Copy only the lines between the one containing "Bedroom, Bed in Park Ascent" and the end of the records, both included, leaving out pictures.

***

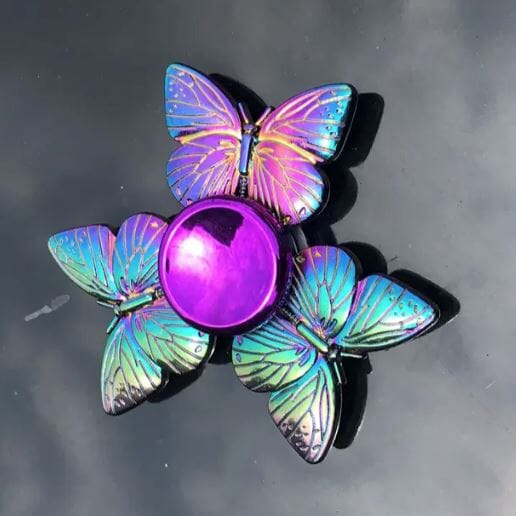 Butterfly fidget spinner sale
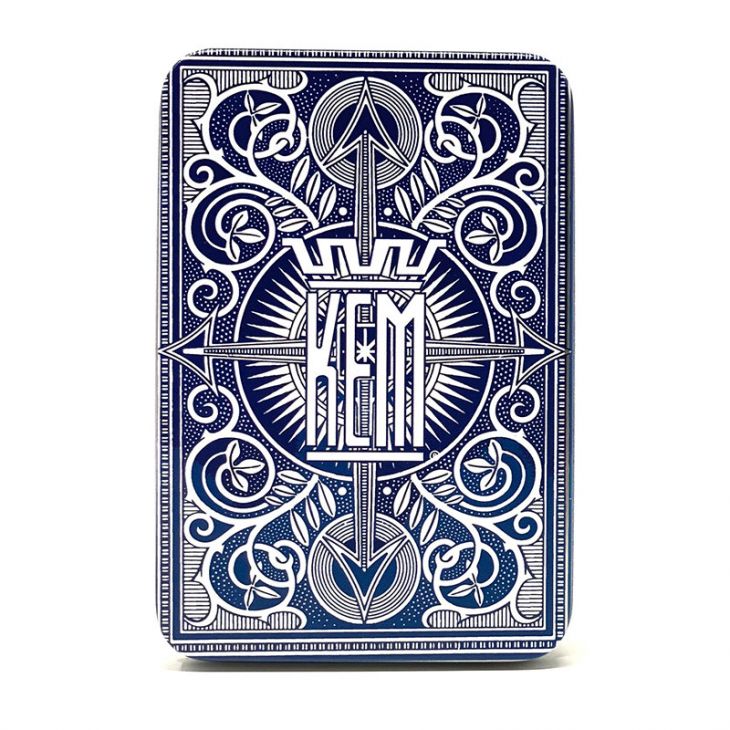 Kem Collector's Card Tin - Blue main image
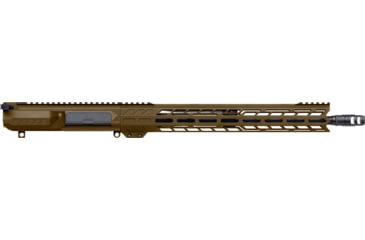 Image of CMMG Resolute, Mk3, 8.6 Blackout, 16.1 inch Upper Receiver, 1-3 Twist, 5/8 x 24, CMMG ZEROED Muzzle Brake, Cerakote, Midnight Bronze, 33BFA0C-MB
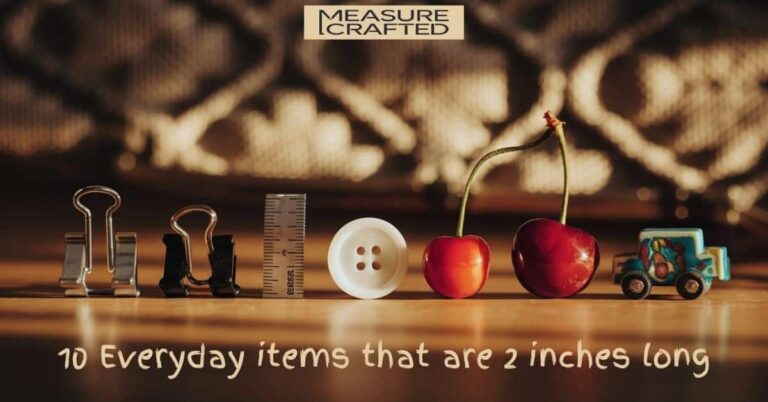 Typical Items With Size 2 Inches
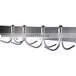 Commercial Stainless Steel Double Line Pot Rack With Hooks photo-2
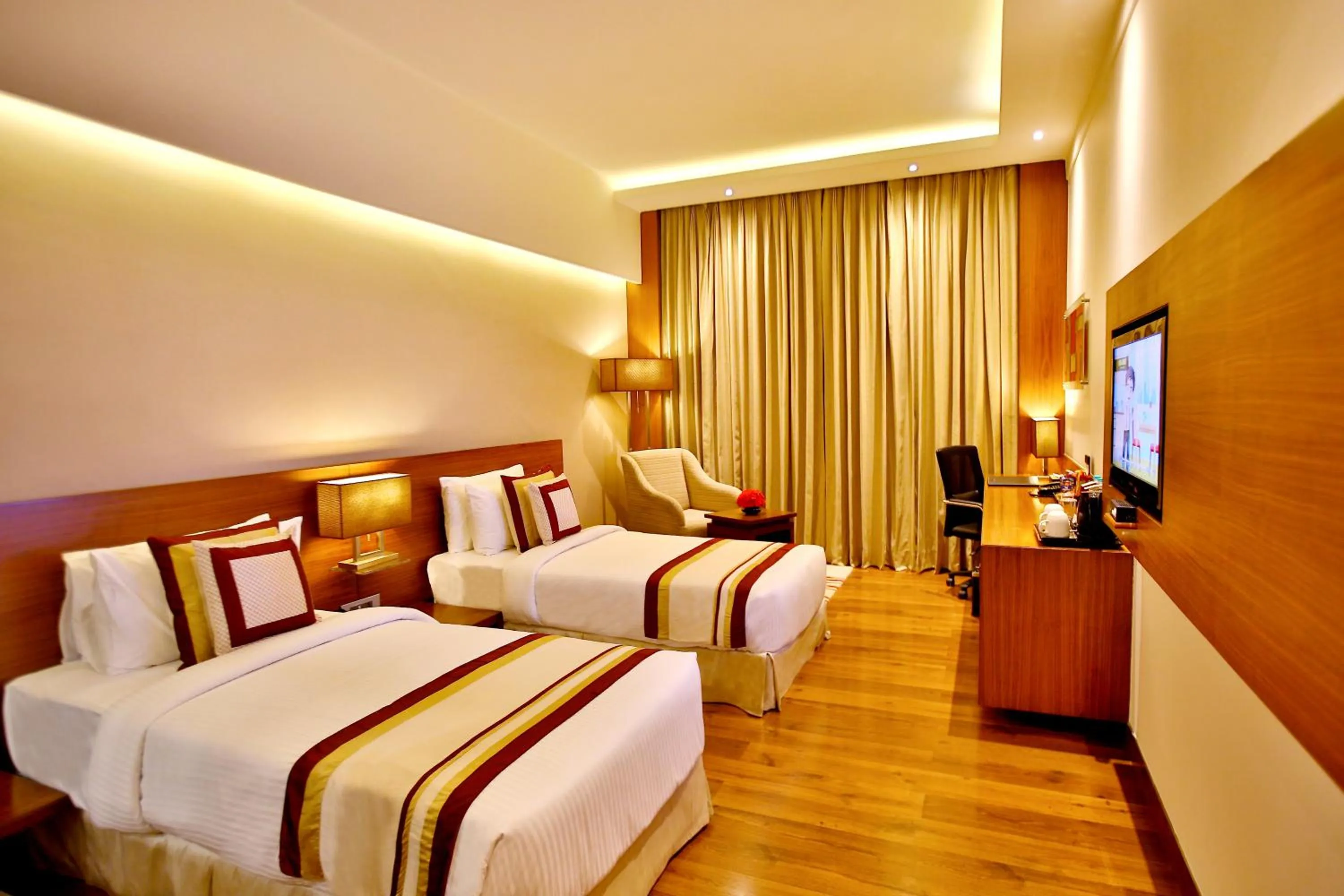 Bedroom, Bed in Park Ascent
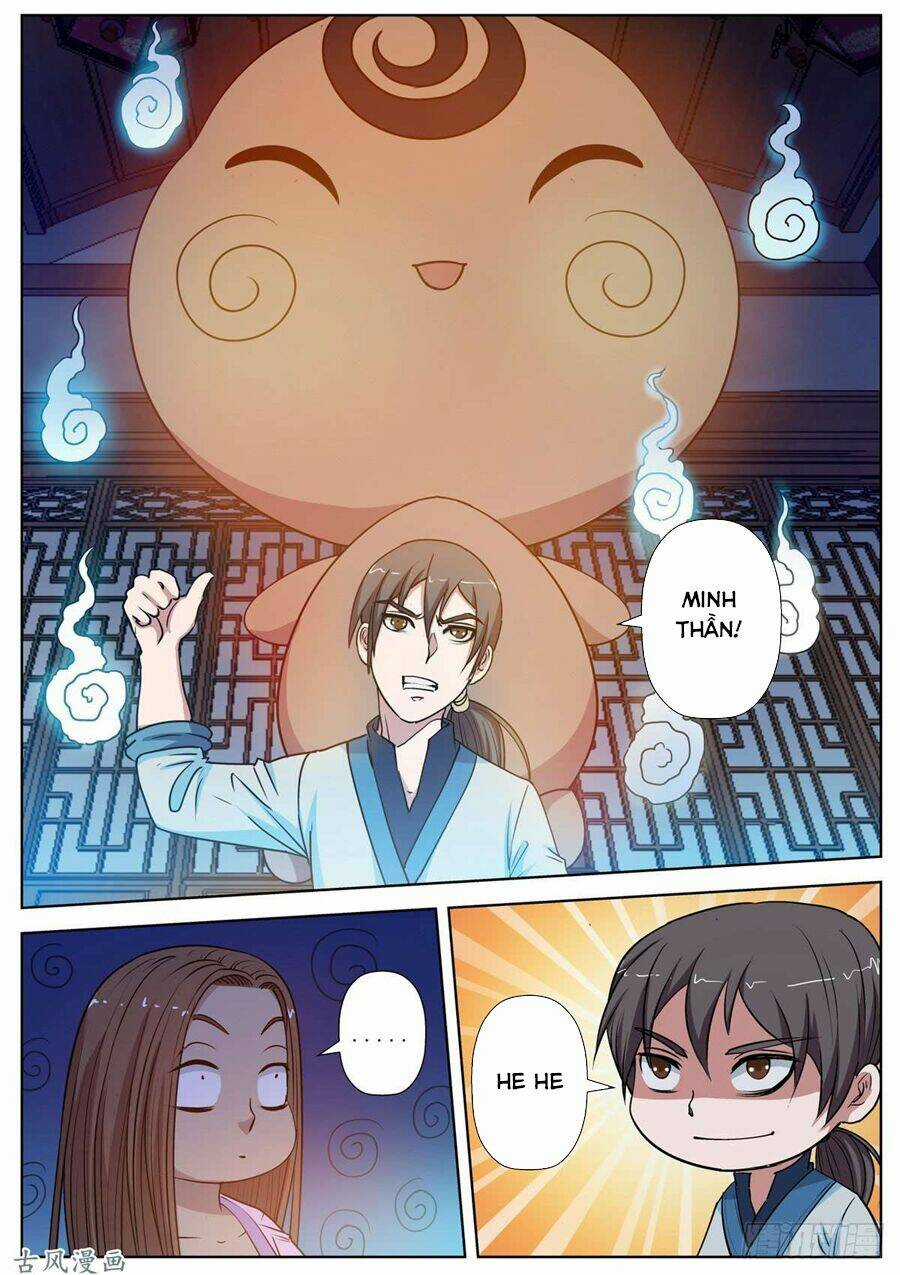 Phục Ma Thiên Sư - Chapter 23 - Trang 4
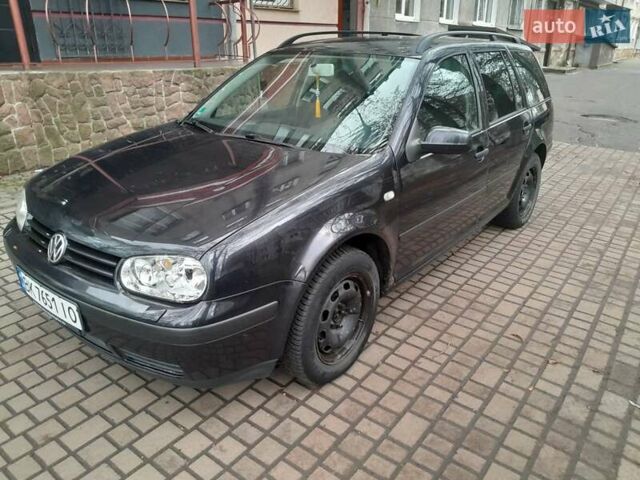 Черный Фольксваген Гольф, объемом двигателя 1.6 л и пробегом 185 тыс. км за 2900 $, фото 15 на Automoto.ua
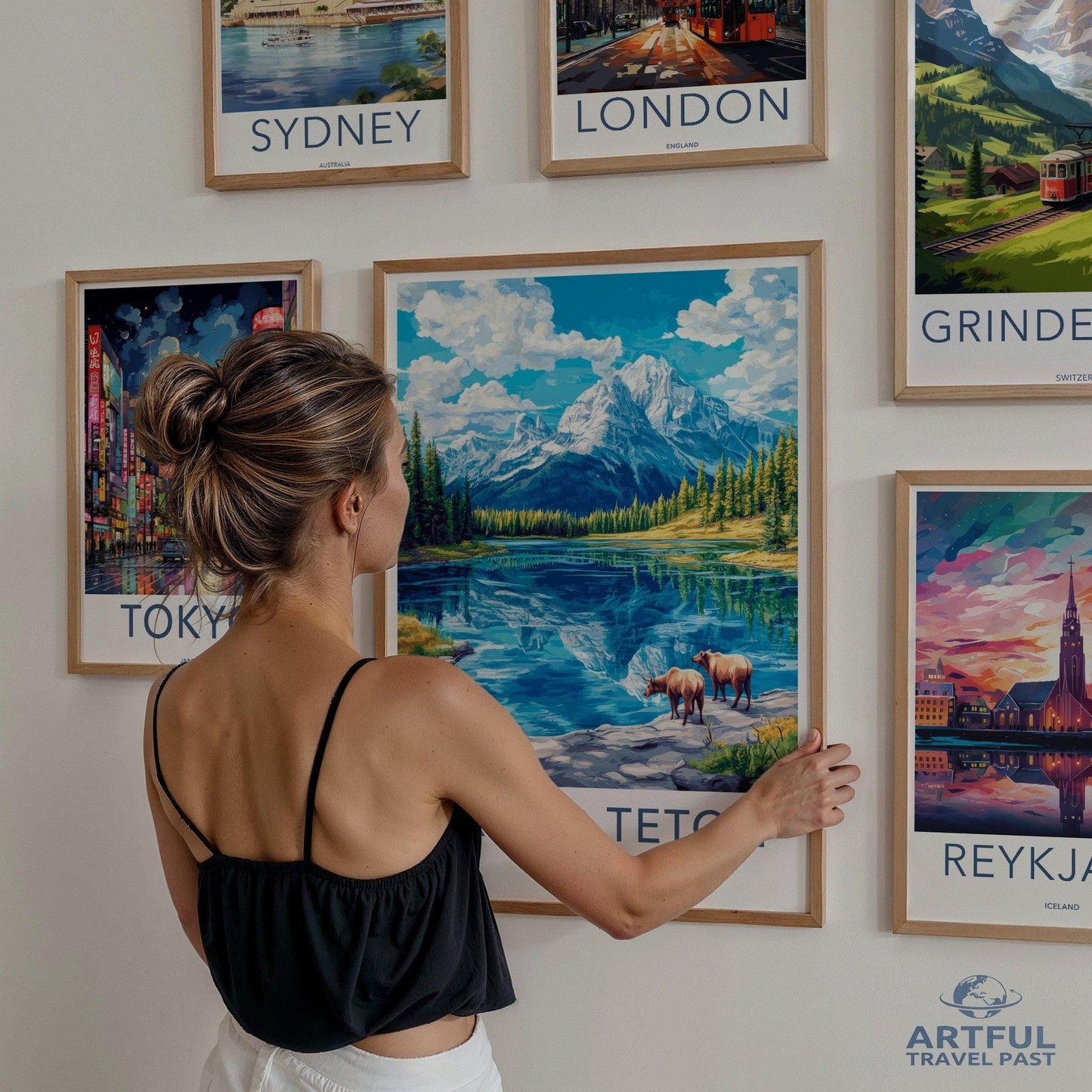 Grand Teton National Park Poster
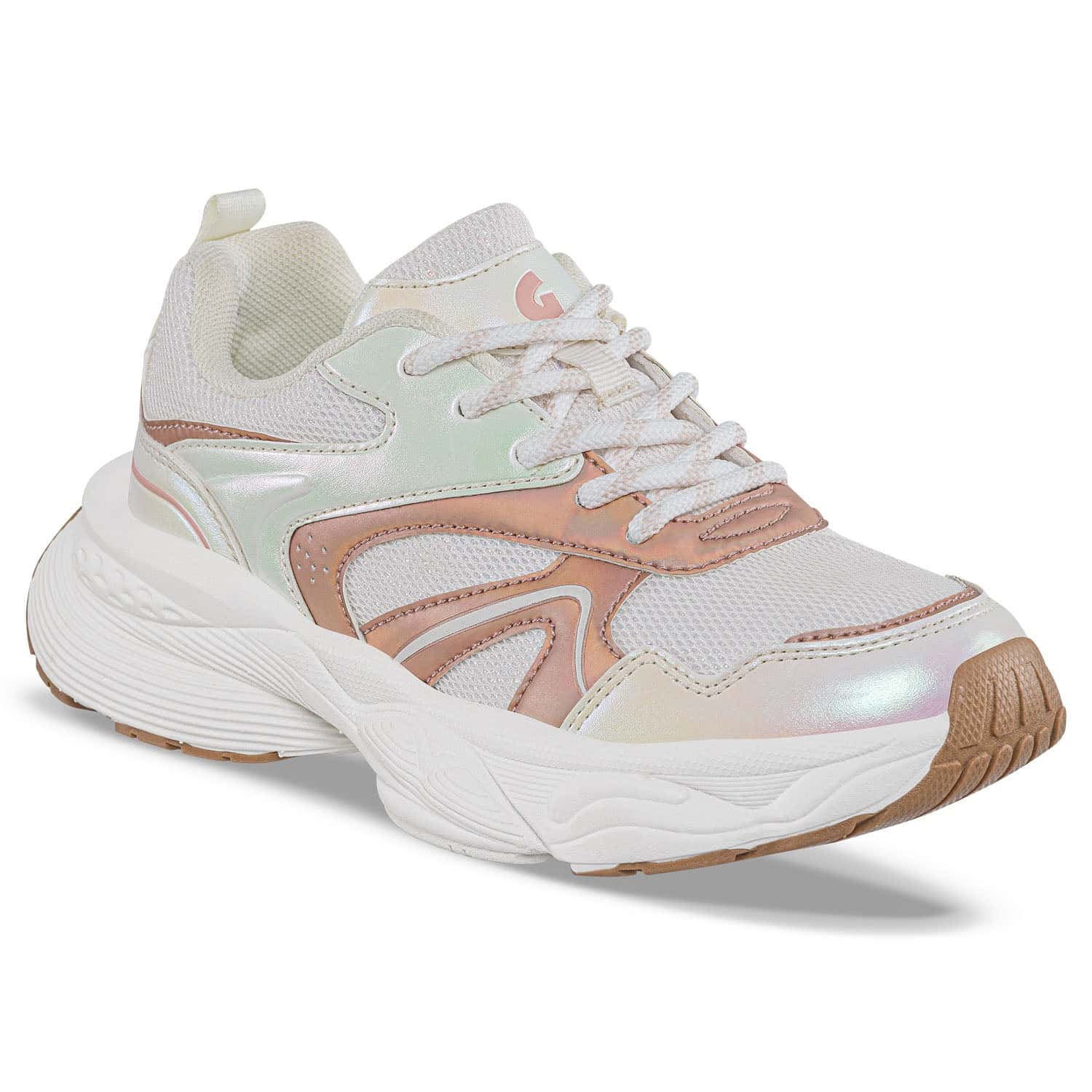 Tenis Urbanos Licod Beige Los Gomosos para Niña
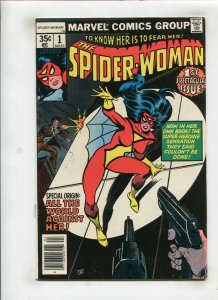 SPIDER-WOMAN #1 (9.2 OB) 1ST ISSUE!! 1978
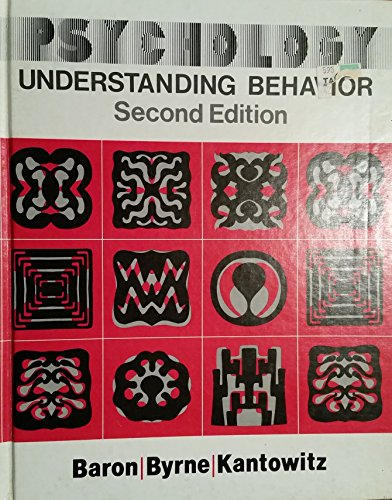 Stock image for Psychology : Understanding Behavior for sale by Better World Books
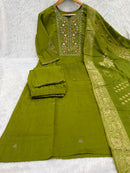 Diva 154 C Designer Multi Embroidery Sequins With Hand Work Kurti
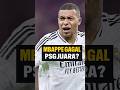 Mbappe Gigit Jari? PSG Terbang Tinggi!! #Mbappe #PSG #Madrid #UCL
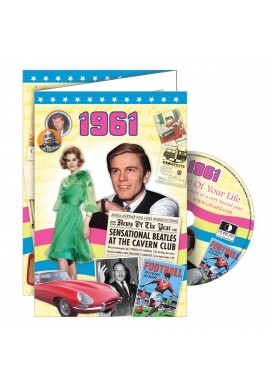 Time To Remember CD Card 1961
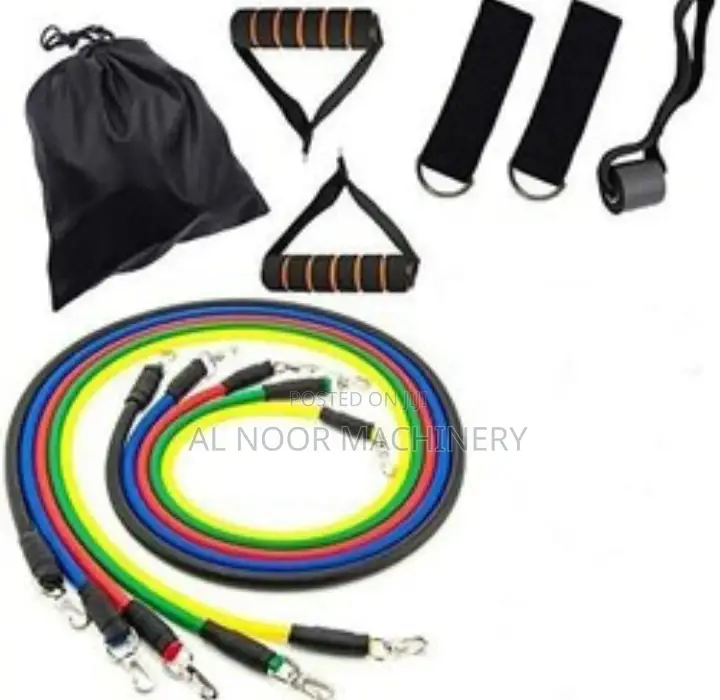 Resistance Bands 11 in 1 Workout Set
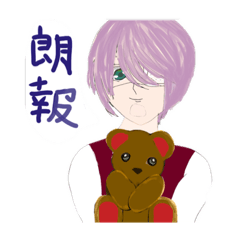 [LINEスタンプ] 人々シリーズ日本語版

***

RESULT →
 Bedroom, Bed in Park Ascent
 Phục Ma Thiên Sư - Chapter 23 - Trang 4
 Черный Фольксваген Гольф, объемом двигателя 1.6 л и пробегом 185 тыс. км за 2900 $, фото 15 на Automoto.ua
 Grand Teton National Park Poster
 Tenis Urbanos Licod Beige Los Gomosos para Niña
 SPIDER-WOMAN #1 (9.2 OB) 1ST ISSUE!! 1978
 Stock image for Psychology : Understanding Behavior for sale by Better World Books
 Diva 154 C Designer Multi Embroidery Sequins With Hand Work Kurti
 Mbappe Gigit Jari? PSG Terbang Tinggi!! #Mbappe #PSG #Madrid #UCL
 Time To Remember CD Card 1961
 Resistance Bands 11 in 1 Workout Set
 [LINEスタンプ] 人々シリーズ日本語版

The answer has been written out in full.